The Violinist of Venice: A Story of Vivaldi by Alyssa Palombo.

Release Date: 15th December 2015.

Published by: St. Martins Press.

Book Synopsis:

A sweeping historical novel of composer and priest Antonio Vivaldi, a secret wealthy mistress, and their passion for music and each other

Like most 18th century Venetians, Adriana d’Amato adores music-except her strict merchant father has forbidden her to cultivate her gift for the violin. But she refuses to let that stop her from living her dreams and begins sneaking out of her family’s palazzo under the cover of night to take violin lessons from virtuoso violinist and composer Antonio Vivaldi. However, what begins as secret lessons swiftly evolves into a passionate, consuming love affair.

Adriana’s father is intent on seeing her married to a wealthy, prominent member of Venice’s patrician class-and a handsome, charming suitor, whom she knows she could love, only complicates matters-but Vivaldi is a priest, making their relationship forbidden in the eyes of the Church and of society. They both know their affair will end upon Adriana’s marriage, but she cannot anticipate the events that will force Vivaldi to choose between her and his music. The repercussions of his choice-and of Adriana’s own choices-will haunt both of their lives in ways they never imagined.
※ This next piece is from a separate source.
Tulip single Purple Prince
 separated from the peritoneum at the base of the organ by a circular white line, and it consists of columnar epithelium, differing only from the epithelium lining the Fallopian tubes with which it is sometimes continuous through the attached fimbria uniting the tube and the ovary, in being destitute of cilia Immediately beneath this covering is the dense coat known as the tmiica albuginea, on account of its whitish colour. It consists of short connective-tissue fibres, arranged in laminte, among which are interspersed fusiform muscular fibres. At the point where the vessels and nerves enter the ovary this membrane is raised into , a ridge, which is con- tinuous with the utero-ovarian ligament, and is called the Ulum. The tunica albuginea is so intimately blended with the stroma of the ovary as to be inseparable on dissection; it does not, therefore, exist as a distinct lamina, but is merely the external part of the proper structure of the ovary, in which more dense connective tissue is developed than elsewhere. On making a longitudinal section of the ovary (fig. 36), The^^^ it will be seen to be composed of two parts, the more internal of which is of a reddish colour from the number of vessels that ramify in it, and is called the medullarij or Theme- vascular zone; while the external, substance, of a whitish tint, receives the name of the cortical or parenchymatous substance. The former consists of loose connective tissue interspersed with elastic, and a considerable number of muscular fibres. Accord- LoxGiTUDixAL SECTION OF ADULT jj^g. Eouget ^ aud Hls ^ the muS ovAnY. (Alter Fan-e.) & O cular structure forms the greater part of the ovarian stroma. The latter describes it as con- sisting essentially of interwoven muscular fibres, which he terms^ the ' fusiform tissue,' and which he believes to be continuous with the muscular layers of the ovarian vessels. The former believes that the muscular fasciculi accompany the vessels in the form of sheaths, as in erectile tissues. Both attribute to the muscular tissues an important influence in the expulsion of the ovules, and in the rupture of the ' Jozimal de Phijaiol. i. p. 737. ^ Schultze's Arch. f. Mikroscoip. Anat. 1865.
Spanning more than 30 years of Adriana’s life, Alyssa Palombo’s The Violinist of Venice is a story of passion, music, ambition, and finding the strength to both fall in love and to carry on when it ends.

Amazon | Amazon UK | Barnes and Nobles


Alyssa Palombo


ALYSSA PALOMBO has published short historical fiction pieces in Black Lantern, Novelletum, and The Great Lakes Review. She is a recent a graduate of Canisius College with degrees in English and creative writing, respectively, as well as a trained classical musician. The Violinist of Venice is her first novel. She lives in Tonawanda, New York.